## Required action
If you see a picture in the data below, omit it and copy the rest exactly.

BEGIN Entries supplied

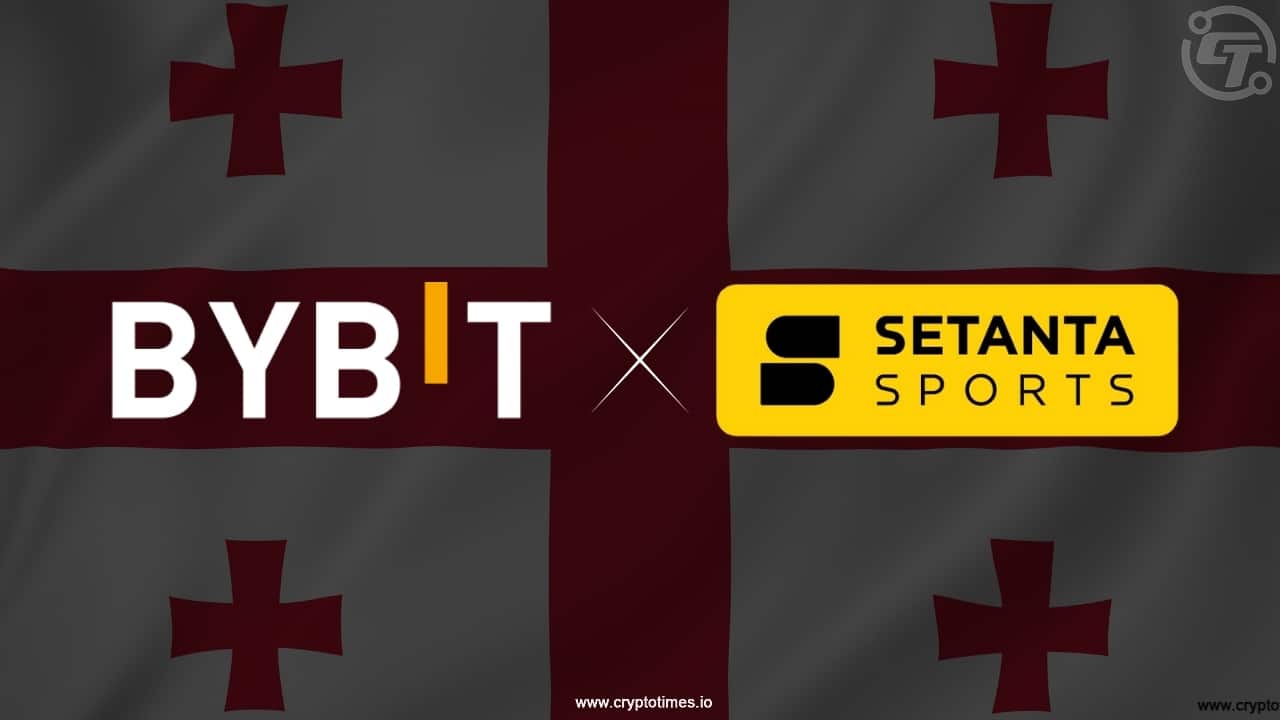 Bybit Georgia Partners With Setanta Sports For $80K Campaign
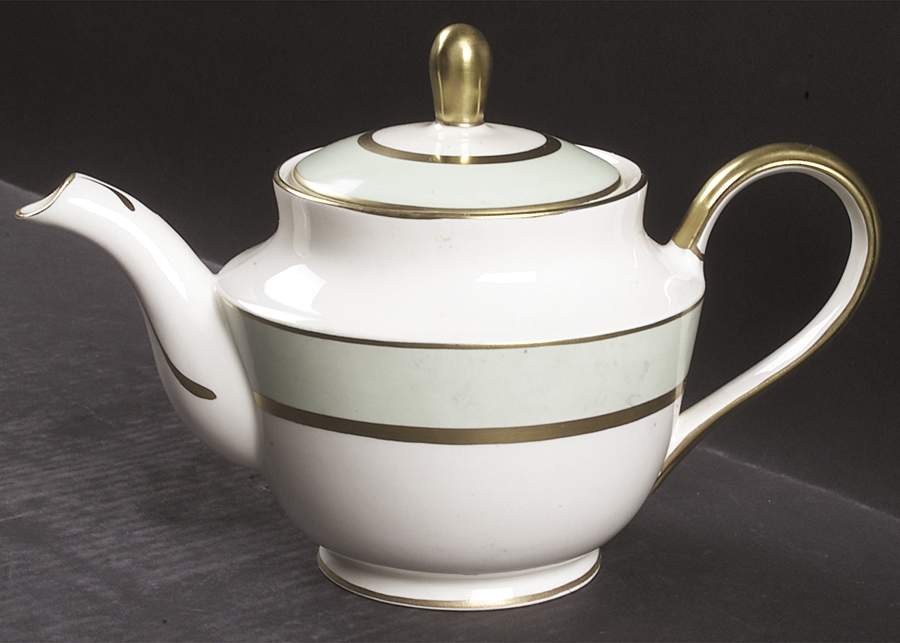 Spring Teapot & Lid by Pope Gosser-1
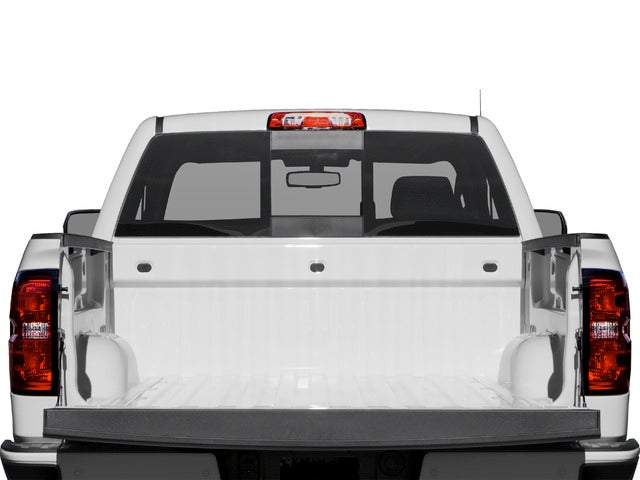 2017 Chevrolet Silverado 1500 LT LT2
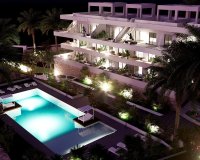 New Build - Apartment / Duplex - Finestrat - Puig Campana Golf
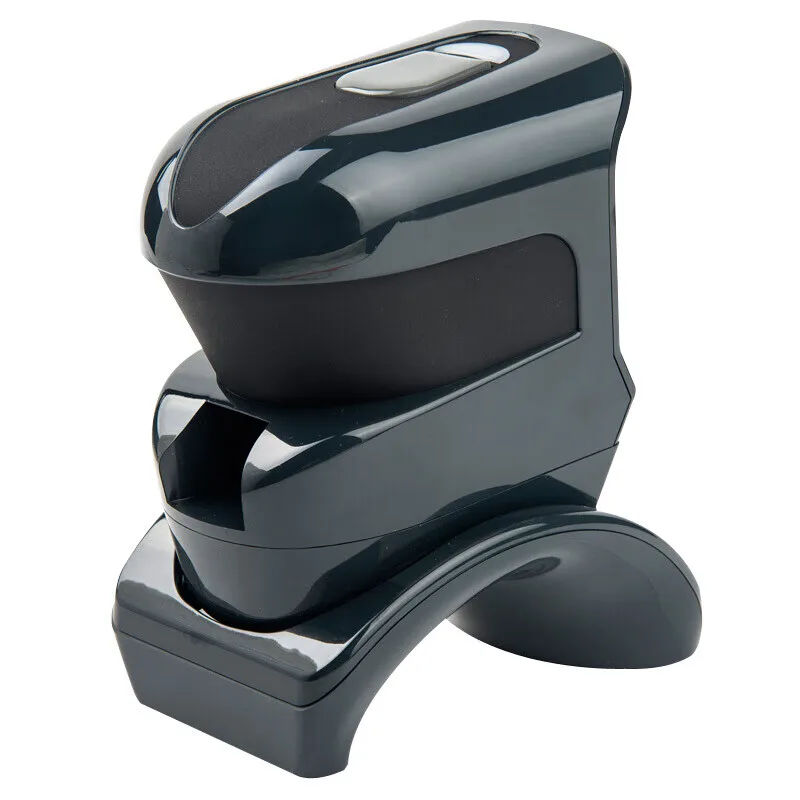 Datalogic GPS4490 Ручной беспроводной 2D-дисплей для чтения этикеток Портативный сканер штрих-кодов Черный USB A4 В наличии Супермаркет 5 мил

END Entries supplied

## Task response
 Bybit Georgia Partners With Setanta Sports For $80K Campaign
 Spring Teapot & Lid by Pope Gosser-1
 2017 Chevrolet Silverado 1500 LT LT2
 New Build - Apartment / Duplex - Finestrat - Puig Campana Golf
 Datalogic GPS4490 Ручной беспроводной 2D-дисплей для чтения этикеток Портативный сканер штрих-кодов Черный USB A4 В наличии Супермаркет 5 мил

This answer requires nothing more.